_Required action_
From the line that contains "Primary Photo - 343 N Glenwood Ave" down to the final line below, please repeat each line exactly and nothing more, with no pictures.

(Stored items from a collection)
^^^^^^^^^^^^^^^^
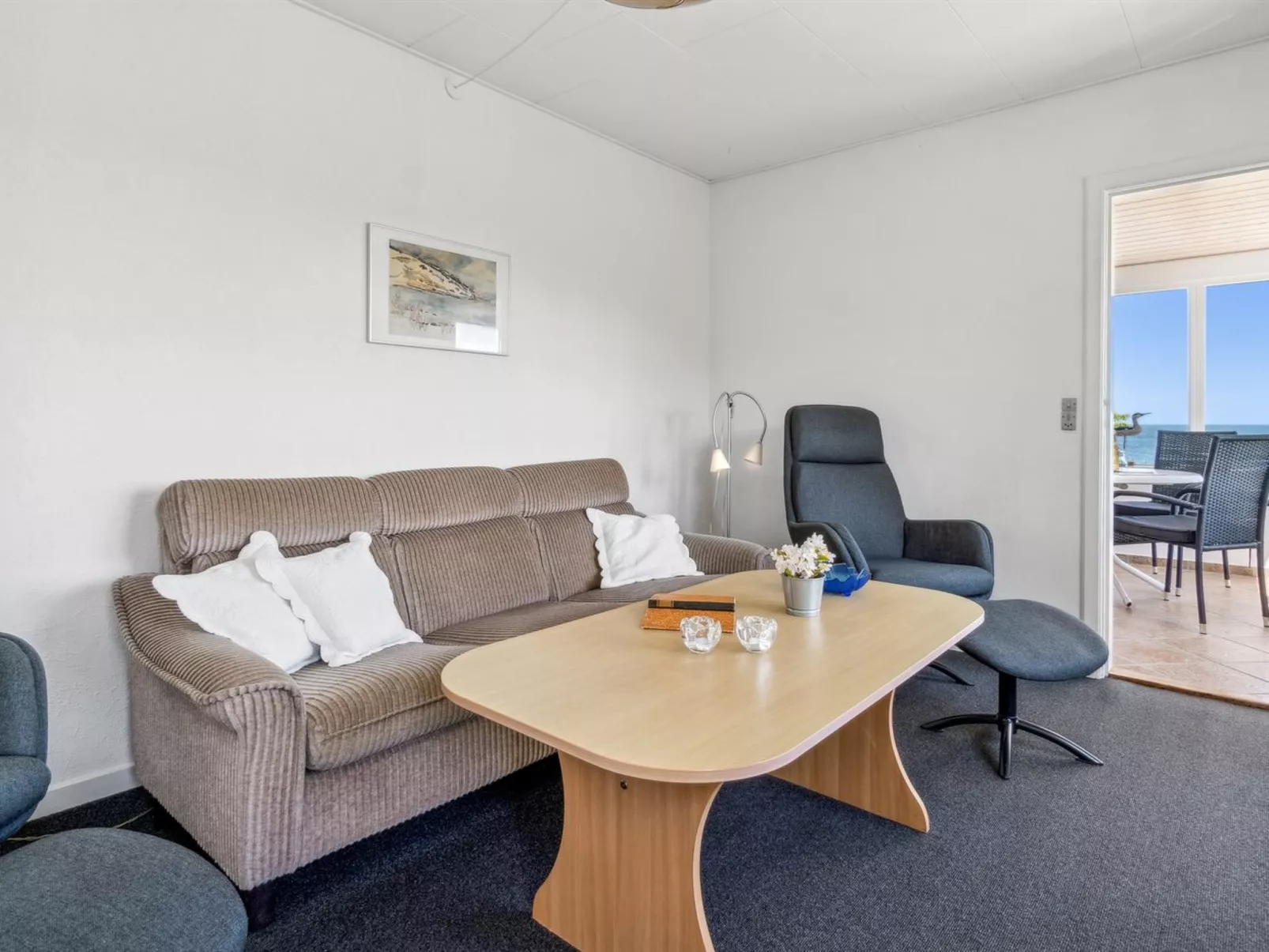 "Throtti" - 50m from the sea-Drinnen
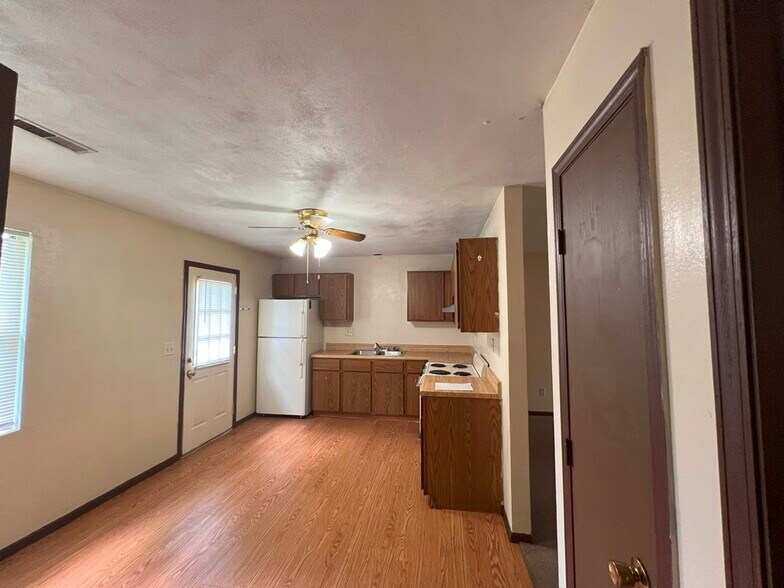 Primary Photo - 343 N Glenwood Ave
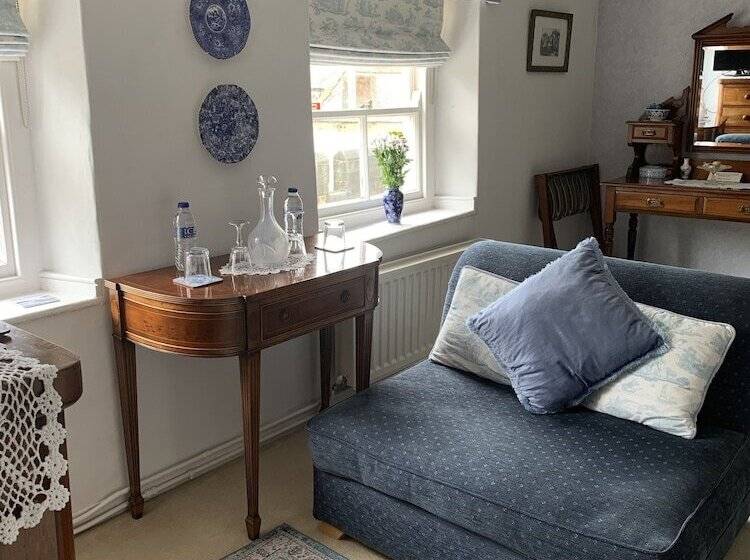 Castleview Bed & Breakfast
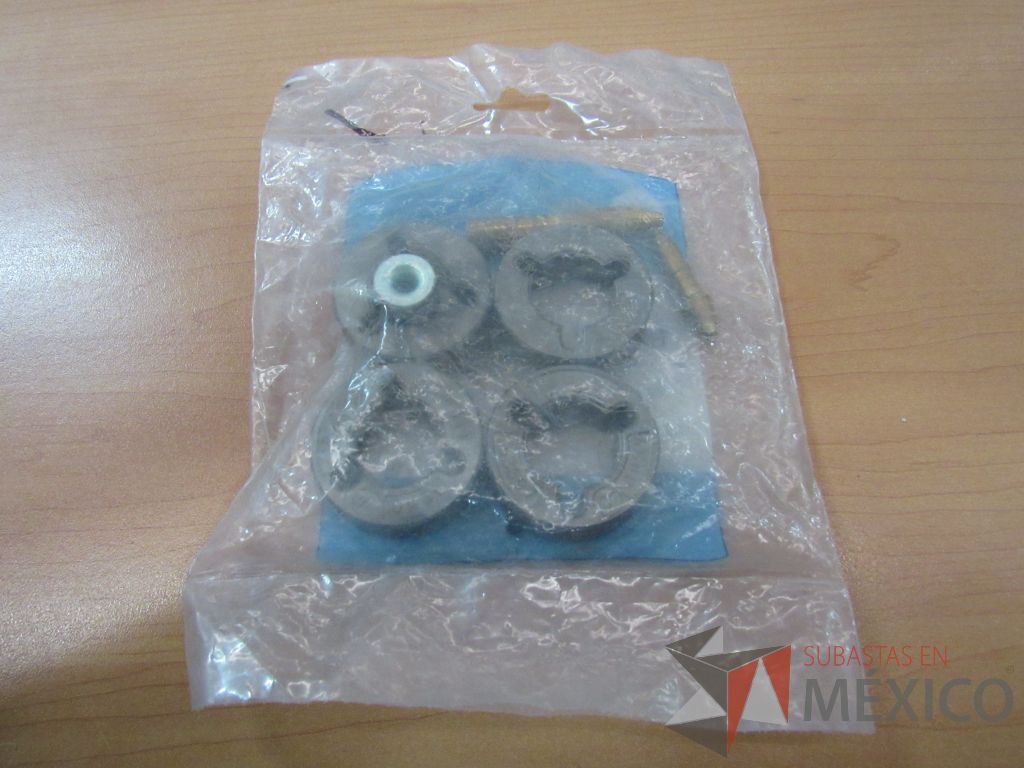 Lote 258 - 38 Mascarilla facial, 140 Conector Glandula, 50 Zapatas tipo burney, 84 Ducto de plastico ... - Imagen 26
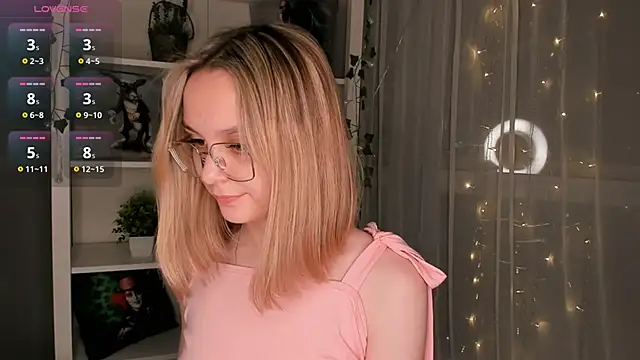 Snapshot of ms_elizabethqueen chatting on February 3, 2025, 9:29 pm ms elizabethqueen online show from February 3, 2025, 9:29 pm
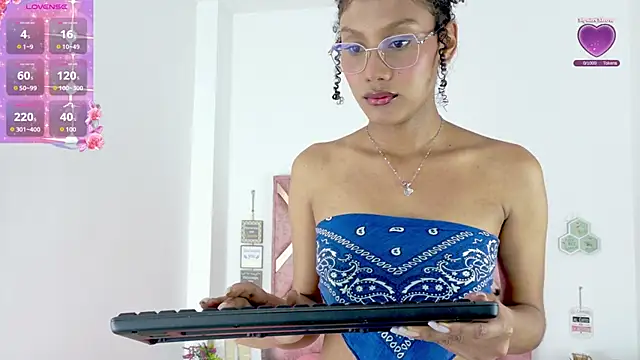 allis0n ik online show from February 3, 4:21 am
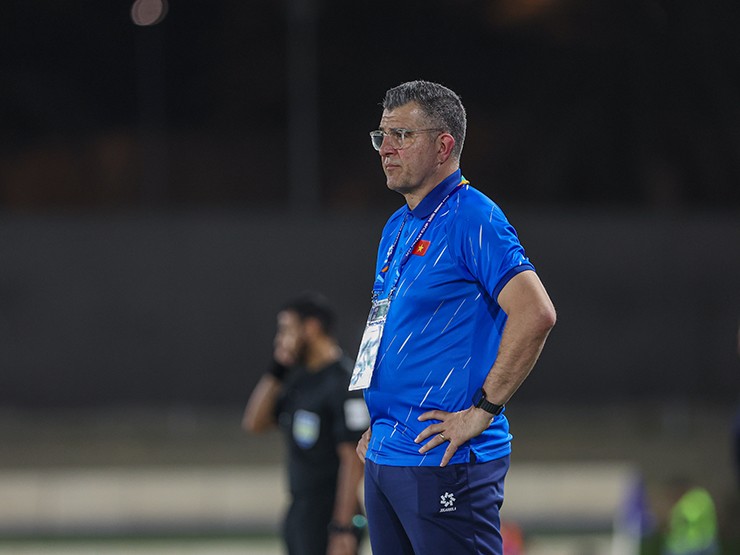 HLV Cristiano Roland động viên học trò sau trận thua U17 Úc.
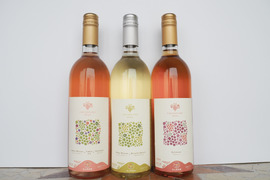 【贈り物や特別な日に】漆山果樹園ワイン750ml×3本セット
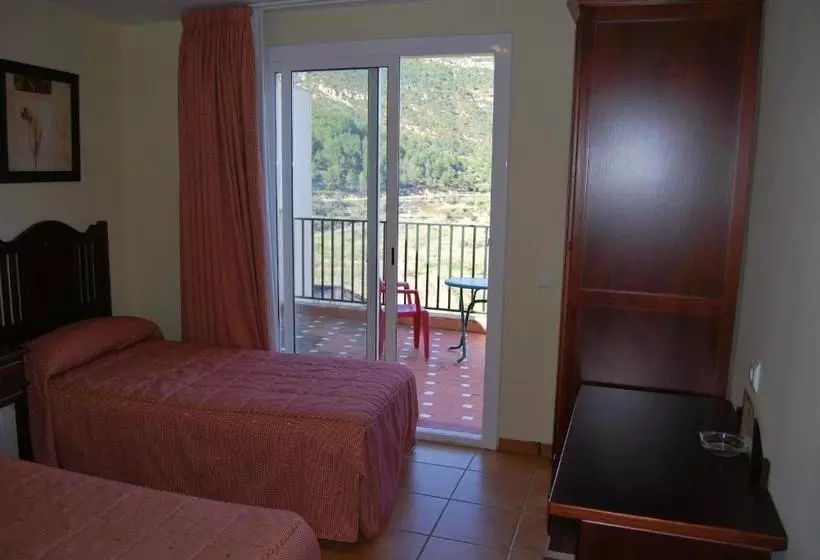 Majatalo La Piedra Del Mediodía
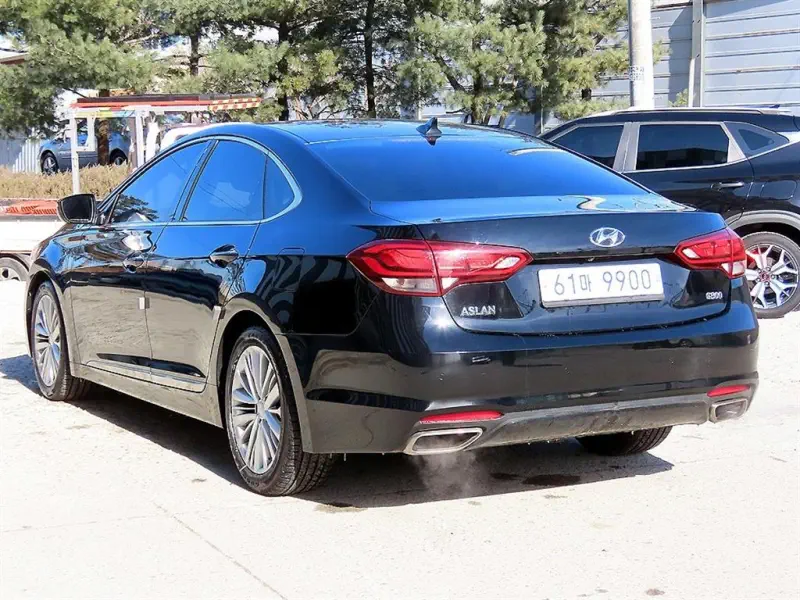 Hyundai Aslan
^^^^^^^^^^^^^^^^
_Exercise response_
 Primary Photo - 343 N Glenwood Ave
 Castleview Bed & Breakfast
 Lote 258 - 38 Mascarilla facial, 140 Conector Glandula, 50 Zapatas tipo burney, 84 Ducto de plastico ... - Imagen 26
 Snapshot of ms_elizabethqueen chatting on February 3, 2025, 9:29 pm ms elizabethqueen online show from February 3, 2025, 9:29 pm
 allis0n ik online show from February 3, 4:21 am
 HLV Cristiano Roland động viên học trò sau trận thua U17 Úc.
 【贈り物や特別な日に】漆山果樹園ワイン750ml×3本セット
 Majatalo La Piedra Del Mediodía
 Hyundai Aslan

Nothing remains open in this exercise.